• **PROBLEM DETAILS**
Could you output the listing that follows exactly, without its images?

• **DATA EXTRACT**
=-=-=

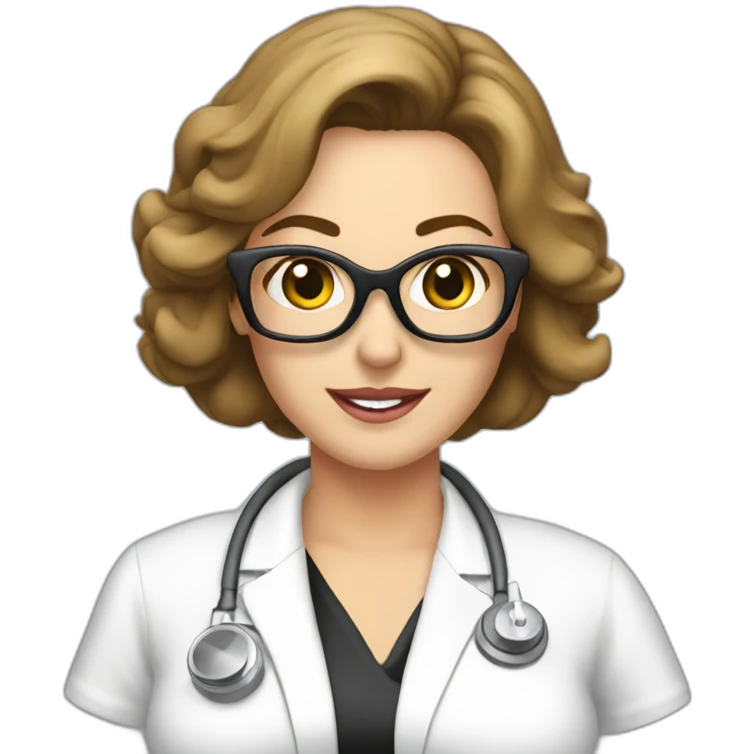 Posh-Radiologist-performing-breast-mammography-to-leni-klum emoji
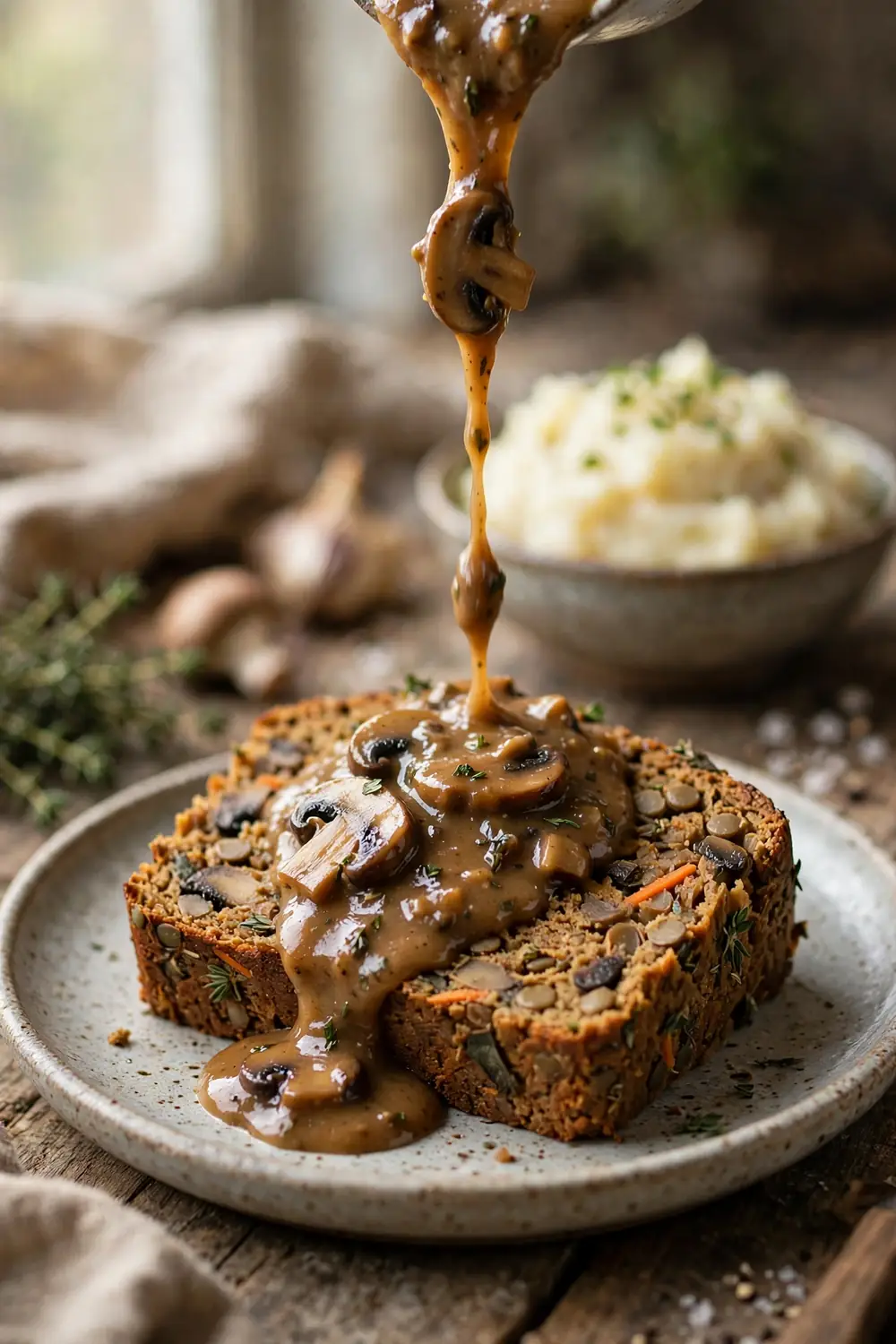 Vegan lentil loaf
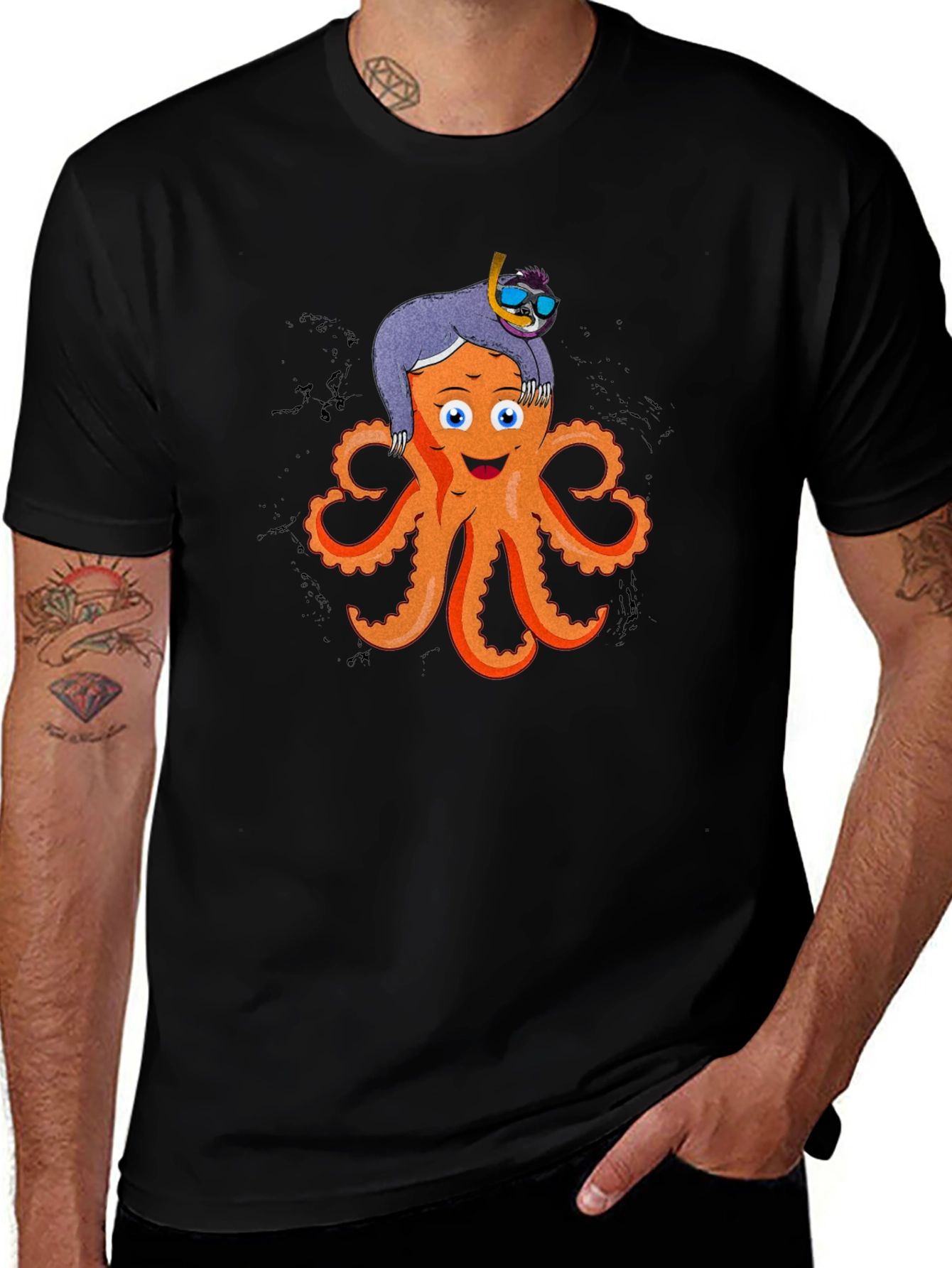 Variant 22 of Octopus & Sloth Graphic T-Shirt - Unique Design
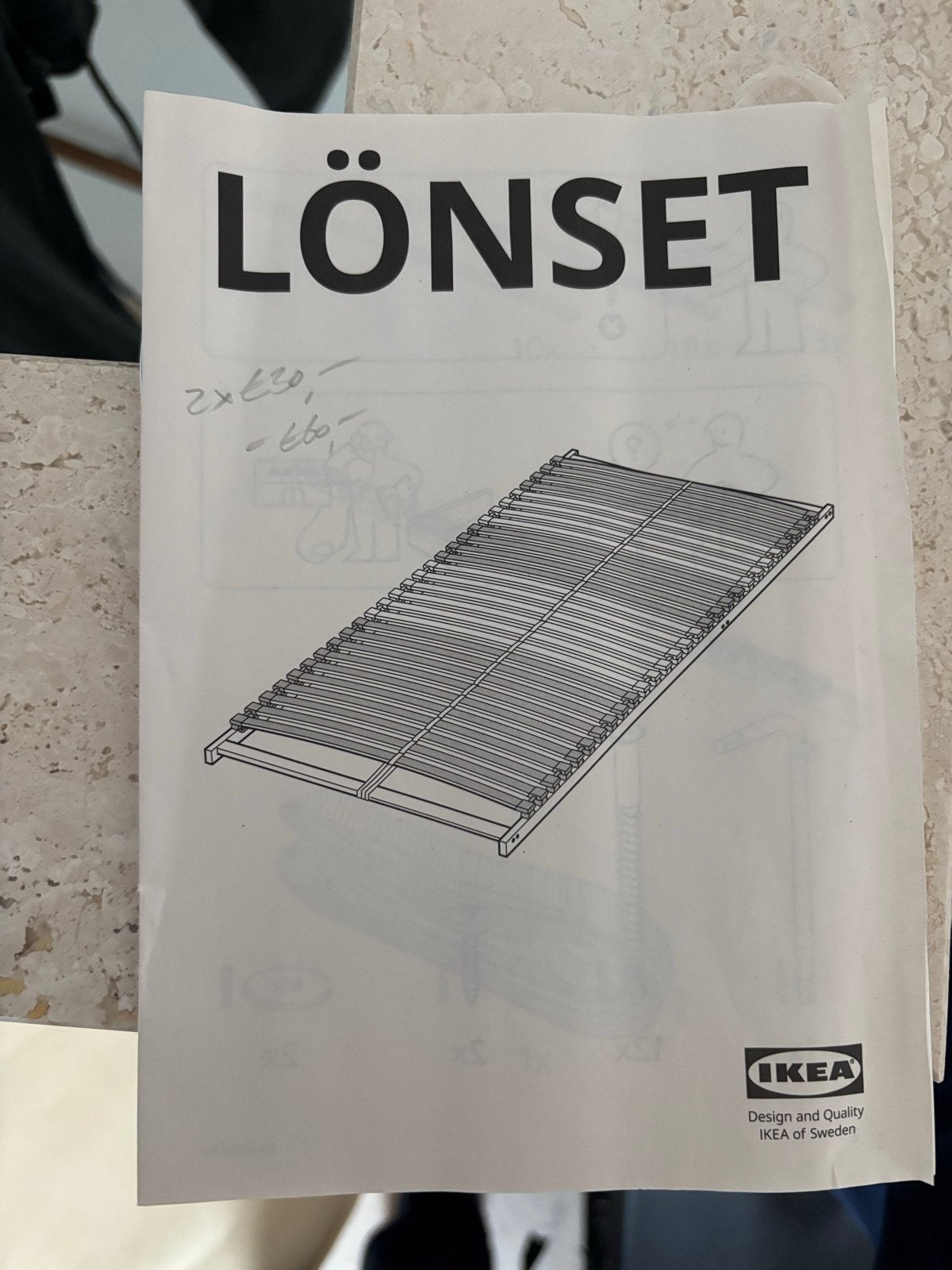 2x IKEA LÖNSET Lattenbodem 70x200 cm, Ophalen, Zo goed als nieuw, 200 cm, Hout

=-=-=

• **SOLVED EXERCISE**
 Posh-Radiologist-performing-breast-mammography-to-leni-klum emoji
 Vegan lentil loaf
 Variant 22 of Octopus & Sloth Graphic T-Shirt - Unique Design
 2x IKEA LÖNSET Lattenbodem 70x200 cm, Ophalen, Zo goed als nieuw, 200 cm, Hout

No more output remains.